▶ **RECORDS SUPPLIED**
________________
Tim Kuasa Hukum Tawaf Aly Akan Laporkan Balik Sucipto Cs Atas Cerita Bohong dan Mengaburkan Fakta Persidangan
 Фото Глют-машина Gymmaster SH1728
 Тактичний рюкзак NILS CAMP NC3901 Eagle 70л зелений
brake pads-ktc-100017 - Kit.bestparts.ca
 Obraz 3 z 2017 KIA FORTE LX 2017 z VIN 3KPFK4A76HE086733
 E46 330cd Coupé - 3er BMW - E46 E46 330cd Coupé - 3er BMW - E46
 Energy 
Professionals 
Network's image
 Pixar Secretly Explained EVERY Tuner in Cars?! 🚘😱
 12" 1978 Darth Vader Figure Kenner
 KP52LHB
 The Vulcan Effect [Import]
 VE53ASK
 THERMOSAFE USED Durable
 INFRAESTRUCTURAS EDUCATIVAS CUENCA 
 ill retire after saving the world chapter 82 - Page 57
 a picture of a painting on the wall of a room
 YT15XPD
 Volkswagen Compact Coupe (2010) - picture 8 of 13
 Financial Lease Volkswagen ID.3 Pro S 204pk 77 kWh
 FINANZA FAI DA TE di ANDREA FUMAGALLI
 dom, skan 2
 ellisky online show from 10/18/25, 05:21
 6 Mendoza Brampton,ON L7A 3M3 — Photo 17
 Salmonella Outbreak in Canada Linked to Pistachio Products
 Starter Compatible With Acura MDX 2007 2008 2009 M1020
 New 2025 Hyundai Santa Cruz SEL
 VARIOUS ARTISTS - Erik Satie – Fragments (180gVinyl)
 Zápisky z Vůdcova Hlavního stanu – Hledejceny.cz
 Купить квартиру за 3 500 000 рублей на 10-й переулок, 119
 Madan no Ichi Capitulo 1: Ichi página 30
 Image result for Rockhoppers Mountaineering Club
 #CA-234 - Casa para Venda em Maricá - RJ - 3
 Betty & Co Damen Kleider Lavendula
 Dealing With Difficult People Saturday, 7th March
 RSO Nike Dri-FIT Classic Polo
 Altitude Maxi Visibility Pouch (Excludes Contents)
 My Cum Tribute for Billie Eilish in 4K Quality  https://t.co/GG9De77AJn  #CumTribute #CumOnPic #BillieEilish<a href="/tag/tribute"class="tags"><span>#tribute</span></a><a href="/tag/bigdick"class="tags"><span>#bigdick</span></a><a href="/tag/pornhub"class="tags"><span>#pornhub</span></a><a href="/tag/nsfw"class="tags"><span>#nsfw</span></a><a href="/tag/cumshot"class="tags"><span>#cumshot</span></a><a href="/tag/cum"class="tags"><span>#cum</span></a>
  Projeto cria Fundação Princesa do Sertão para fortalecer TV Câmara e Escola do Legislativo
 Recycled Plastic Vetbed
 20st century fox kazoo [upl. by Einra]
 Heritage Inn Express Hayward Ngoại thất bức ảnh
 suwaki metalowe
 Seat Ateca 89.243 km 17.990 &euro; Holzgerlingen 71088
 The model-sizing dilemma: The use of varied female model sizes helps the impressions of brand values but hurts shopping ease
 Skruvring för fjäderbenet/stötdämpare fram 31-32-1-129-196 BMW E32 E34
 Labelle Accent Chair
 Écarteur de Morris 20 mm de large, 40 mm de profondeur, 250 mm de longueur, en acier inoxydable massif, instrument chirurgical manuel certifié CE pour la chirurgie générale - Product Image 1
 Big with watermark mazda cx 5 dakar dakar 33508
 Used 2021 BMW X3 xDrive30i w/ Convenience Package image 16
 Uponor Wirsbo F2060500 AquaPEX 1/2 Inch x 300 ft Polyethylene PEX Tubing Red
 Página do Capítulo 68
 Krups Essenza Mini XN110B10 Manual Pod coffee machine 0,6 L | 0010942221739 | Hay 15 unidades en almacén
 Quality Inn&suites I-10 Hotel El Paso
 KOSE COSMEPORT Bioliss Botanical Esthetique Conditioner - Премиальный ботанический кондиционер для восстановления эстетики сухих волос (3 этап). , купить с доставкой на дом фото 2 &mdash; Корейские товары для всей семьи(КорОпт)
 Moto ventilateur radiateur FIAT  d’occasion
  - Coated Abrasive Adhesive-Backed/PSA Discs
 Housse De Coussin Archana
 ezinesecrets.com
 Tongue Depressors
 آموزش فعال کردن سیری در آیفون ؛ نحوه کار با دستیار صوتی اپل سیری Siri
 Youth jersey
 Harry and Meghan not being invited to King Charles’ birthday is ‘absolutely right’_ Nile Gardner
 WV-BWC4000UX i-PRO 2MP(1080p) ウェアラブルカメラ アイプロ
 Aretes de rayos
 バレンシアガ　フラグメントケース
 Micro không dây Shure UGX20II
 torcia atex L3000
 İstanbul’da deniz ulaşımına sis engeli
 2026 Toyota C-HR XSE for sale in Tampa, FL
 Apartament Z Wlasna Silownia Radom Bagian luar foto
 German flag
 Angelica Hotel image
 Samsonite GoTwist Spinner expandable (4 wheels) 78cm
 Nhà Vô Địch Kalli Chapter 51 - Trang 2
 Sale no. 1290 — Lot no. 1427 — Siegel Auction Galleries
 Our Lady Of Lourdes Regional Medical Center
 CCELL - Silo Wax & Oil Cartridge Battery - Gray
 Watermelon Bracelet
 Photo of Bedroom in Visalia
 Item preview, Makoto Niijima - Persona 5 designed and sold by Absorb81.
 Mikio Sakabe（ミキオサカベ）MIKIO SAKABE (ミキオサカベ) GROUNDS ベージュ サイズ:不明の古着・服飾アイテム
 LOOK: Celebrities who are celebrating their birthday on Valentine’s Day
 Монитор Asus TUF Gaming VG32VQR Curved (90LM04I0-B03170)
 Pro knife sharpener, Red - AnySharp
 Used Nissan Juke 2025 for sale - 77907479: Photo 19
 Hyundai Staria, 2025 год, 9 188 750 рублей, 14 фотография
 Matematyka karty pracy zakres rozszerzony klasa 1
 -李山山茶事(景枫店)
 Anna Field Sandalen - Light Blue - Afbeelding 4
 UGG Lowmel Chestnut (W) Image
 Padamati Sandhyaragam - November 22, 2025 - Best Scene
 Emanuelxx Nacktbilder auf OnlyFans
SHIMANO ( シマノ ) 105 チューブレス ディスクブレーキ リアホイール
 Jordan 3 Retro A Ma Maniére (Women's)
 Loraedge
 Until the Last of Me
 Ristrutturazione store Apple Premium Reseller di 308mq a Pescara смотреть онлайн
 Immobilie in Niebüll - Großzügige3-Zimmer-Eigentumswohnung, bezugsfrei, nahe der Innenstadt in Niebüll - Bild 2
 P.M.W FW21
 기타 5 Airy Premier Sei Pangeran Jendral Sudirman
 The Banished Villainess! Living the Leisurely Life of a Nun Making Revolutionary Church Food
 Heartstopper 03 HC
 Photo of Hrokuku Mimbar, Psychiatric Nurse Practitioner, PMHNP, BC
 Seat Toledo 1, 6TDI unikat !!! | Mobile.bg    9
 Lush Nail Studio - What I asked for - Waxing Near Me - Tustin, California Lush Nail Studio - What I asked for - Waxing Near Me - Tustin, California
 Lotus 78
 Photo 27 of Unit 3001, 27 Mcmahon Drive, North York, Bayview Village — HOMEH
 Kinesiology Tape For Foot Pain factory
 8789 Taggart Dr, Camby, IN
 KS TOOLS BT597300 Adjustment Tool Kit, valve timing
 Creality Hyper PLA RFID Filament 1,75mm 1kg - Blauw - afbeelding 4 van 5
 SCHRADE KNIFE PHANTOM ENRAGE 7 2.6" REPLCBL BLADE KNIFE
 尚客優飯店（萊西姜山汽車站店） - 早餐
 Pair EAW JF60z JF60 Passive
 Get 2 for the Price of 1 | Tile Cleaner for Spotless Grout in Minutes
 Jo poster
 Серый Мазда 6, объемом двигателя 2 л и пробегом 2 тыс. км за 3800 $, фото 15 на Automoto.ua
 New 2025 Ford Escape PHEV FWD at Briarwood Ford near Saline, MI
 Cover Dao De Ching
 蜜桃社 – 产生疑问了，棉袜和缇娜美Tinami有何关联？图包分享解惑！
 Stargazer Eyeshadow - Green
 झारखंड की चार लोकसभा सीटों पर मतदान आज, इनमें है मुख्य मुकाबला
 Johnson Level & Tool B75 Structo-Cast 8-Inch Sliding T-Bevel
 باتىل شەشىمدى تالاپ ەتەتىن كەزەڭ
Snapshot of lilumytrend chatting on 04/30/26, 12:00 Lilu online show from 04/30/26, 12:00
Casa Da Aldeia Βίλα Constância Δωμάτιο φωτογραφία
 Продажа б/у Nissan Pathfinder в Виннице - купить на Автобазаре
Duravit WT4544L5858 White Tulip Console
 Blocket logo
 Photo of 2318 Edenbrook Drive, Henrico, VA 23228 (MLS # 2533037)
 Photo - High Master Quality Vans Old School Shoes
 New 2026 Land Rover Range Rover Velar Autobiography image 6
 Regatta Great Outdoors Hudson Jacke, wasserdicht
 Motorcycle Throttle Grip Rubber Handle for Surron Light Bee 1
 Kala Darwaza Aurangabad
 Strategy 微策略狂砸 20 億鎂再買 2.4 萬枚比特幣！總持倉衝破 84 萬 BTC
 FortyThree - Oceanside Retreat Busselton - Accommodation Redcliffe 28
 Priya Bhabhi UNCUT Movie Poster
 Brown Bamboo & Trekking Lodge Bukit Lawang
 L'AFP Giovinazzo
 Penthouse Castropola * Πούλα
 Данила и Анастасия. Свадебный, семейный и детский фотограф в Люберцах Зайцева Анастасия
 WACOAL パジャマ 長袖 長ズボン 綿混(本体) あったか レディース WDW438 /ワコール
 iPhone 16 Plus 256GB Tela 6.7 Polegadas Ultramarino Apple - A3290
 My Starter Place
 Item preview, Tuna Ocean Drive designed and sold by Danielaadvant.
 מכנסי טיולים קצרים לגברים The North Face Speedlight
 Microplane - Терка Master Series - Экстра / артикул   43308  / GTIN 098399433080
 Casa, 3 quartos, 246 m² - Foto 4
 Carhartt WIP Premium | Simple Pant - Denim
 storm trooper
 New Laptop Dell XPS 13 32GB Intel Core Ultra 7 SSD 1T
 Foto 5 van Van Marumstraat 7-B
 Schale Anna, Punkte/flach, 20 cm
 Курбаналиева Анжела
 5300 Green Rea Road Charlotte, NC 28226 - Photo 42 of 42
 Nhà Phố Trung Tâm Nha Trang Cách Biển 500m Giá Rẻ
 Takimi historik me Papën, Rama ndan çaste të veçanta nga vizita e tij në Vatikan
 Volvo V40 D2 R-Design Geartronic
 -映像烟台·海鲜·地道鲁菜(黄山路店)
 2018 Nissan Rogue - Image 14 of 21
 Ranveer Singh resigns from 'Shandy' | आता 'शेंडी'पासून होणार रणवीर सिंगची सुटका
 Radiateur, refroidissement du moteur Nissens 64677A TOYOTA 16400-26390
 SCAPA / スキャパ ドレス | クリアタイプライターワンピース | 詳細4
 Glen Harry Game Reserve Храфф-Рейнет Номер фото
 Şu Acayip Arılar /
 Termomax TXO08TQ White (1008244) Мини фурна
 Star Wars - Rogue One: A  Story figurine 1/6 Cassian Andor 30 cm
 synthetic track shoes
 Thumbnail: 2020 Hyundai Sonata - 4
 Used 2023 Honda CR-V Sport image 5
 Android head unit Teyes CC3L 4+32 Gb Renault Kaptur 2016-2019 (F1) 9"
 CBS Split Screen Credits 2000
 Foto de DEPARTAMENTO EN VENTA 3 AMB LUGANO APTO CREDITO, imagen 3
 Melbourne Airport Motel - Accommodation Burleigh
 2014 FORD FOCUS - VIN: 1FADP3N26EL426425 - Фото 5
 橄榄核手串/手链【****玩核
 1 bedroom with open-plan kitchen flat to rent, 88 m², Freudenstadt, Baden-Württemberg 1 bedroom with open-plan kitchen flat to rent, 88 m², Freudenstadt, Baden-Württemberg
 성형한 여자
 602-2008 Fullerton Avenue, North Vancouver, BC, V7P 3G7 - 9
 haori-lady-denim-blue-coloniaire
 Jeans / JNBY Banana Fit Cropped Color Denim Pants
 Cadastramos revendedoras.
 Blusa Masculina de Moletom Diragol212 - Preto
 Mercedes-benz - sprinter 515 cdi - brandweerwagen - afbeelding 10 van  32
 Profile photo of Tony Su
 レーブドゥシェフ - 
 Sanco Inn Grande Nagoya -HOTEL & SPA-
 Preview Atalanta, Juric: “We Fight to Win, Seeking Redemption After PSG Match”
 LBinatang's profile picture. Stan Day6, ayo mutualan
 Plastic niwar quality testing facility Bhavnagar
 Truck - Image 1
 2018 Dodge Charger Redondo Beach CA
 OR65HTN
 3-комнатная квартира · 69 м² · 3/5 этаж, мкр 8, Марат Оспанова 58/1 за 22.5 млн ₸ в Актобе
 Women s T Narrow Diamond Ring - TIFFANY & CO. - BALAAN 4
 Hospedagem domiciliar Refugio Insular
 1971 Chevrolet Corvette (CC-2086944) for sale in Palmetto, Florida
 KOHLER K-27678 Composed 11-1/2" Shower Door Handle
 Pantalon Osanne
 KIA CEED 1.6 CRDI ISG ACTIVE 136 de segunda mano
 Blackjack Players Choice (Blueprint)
________________
Some lines of the records may contain the string "White". State how many do, as a number alone.

▶ **FINAL ANSWER**
2